BEGIN LISTED ENTRIES

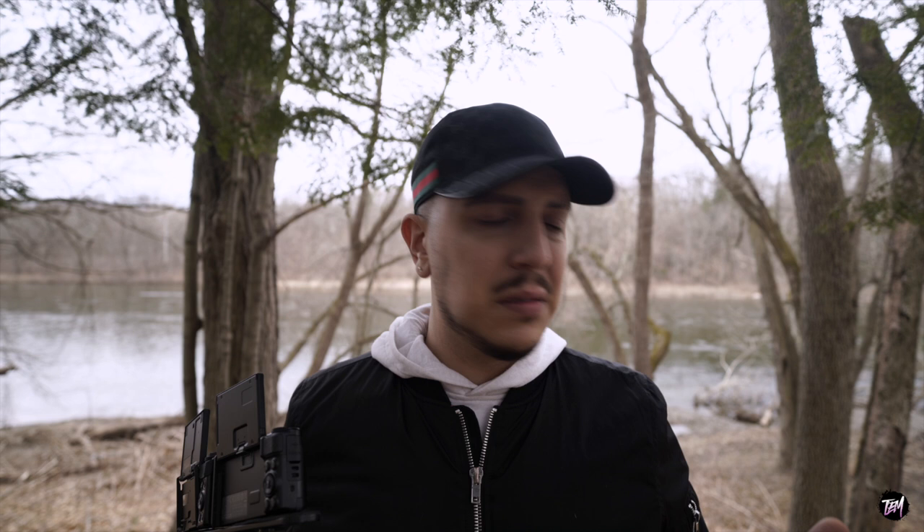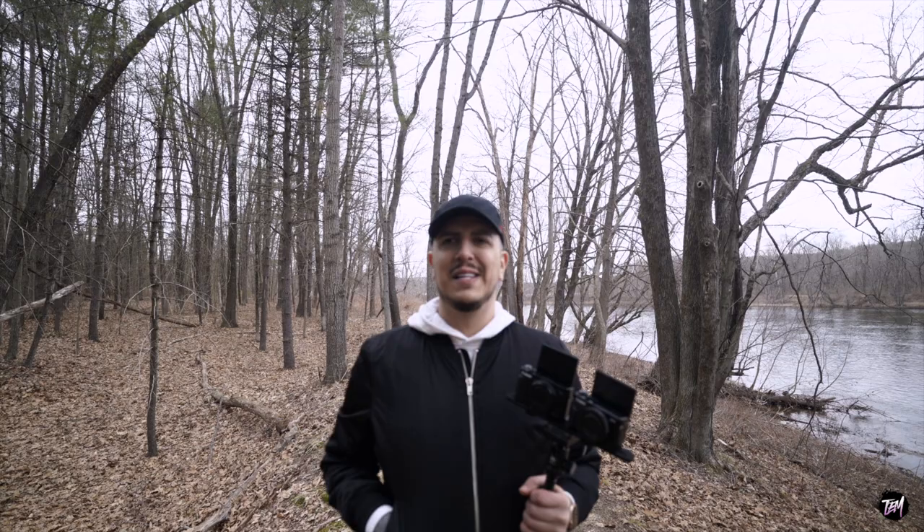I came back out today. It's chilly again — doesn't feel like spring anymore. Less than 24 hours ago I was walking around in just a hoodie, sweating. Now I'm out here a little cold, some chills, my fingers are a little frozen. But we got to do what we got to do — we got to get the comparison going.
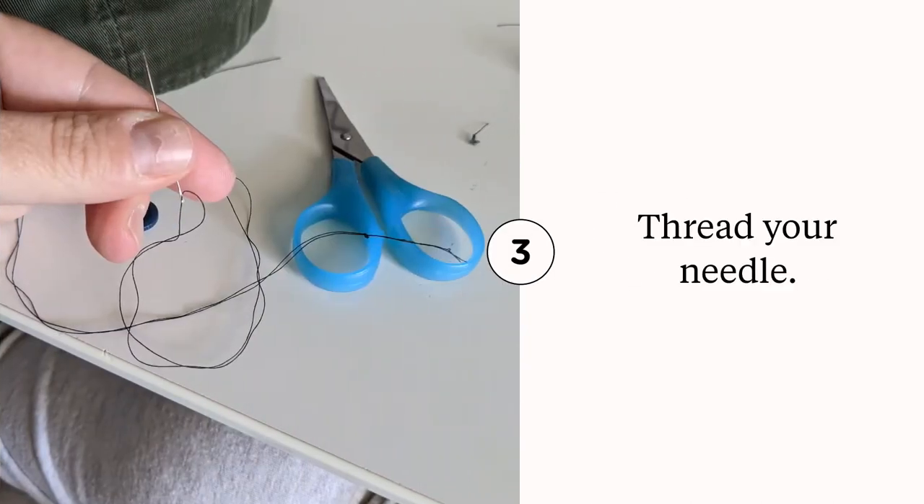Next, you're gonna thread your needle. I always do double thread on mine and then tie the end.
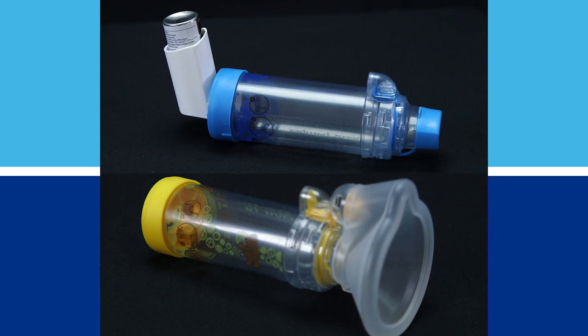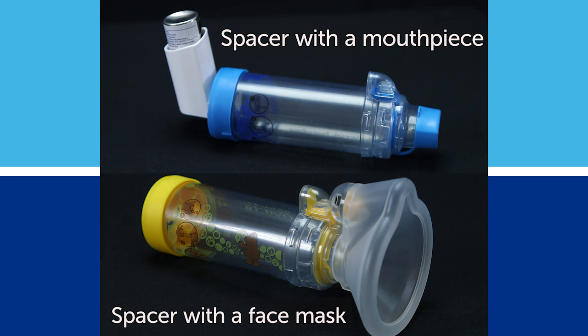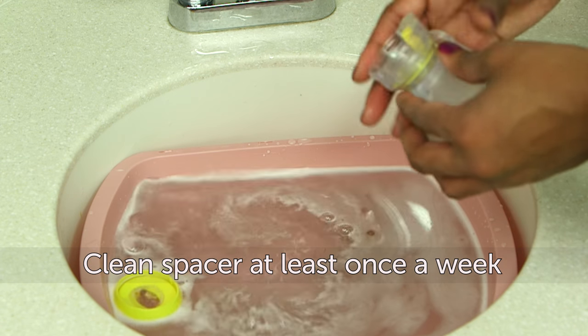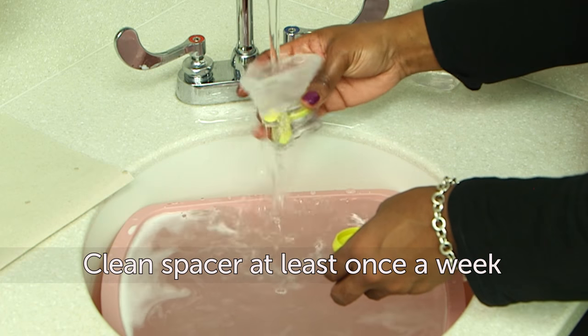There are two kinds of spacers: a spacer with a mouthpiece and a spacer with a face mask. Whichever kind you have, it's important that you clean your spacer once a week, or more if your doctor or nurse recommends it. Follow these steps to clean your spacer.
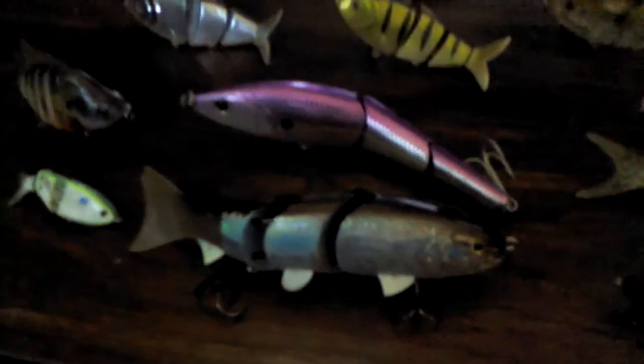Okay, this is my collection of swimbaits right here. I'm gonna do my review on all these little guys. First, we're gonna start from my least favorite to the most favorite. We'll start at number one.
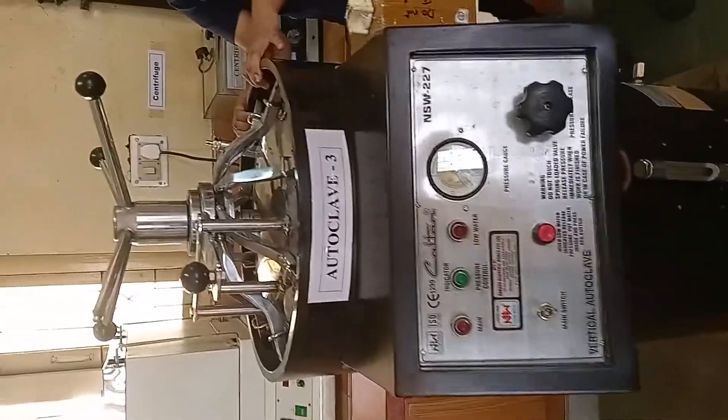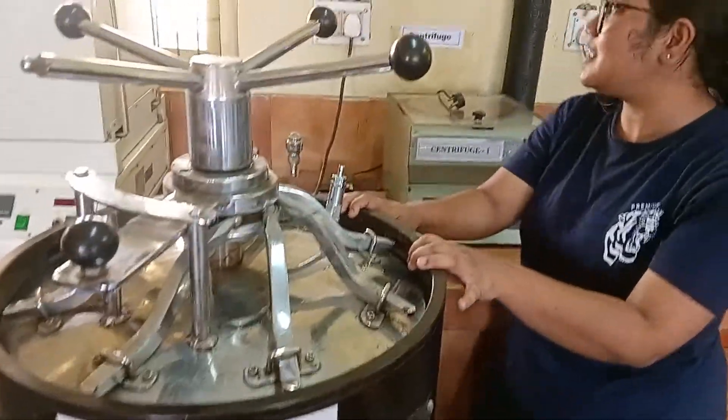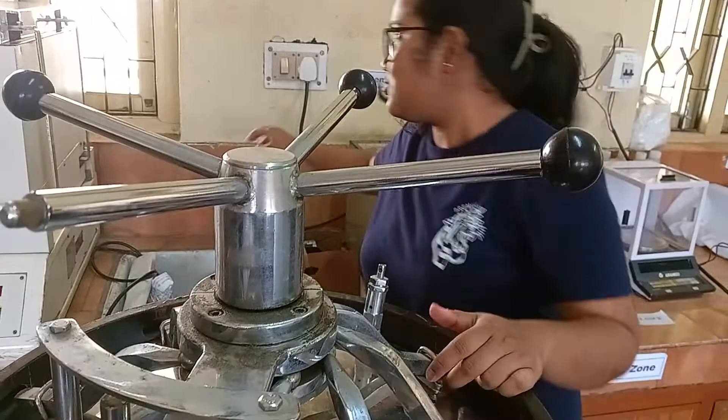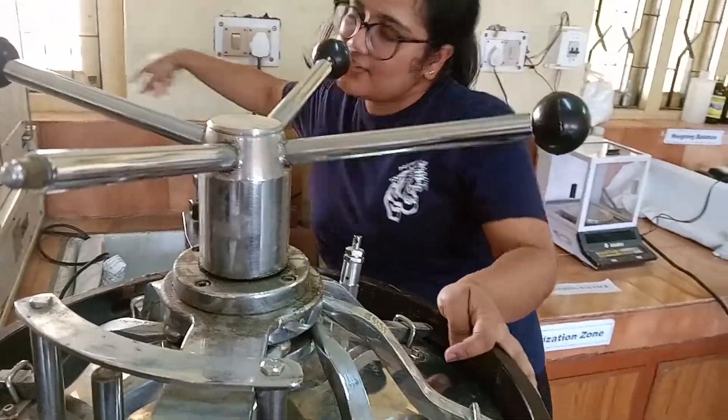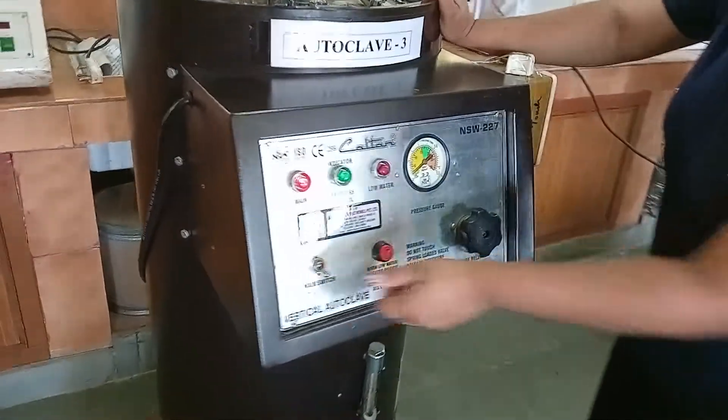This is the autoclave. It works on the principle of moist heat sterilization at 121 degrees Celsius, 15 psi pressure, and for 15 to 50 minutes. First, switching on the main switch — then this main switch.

END LISTED ENTRIES

* WHAT THE TASK REQUIRES
Give an exact copy of the line containing "Okay, this is" and every line after it through the end of the entries. Pictures are to be dropped.

* RESULT OF THIS EXERCISE
Okay, this is my collection of swimbaits right here. I'm gonna do my review on all these little guys. First, we're gonna start from my least favorite to the most favorite. We'll start at number one.
This is the autoclave. It works on the principle of moist heat sterilization at 121 degrees Celsius, 15 psi pressure, and for 15 to 50 minutes. First, switching on the main switch — then this main switch.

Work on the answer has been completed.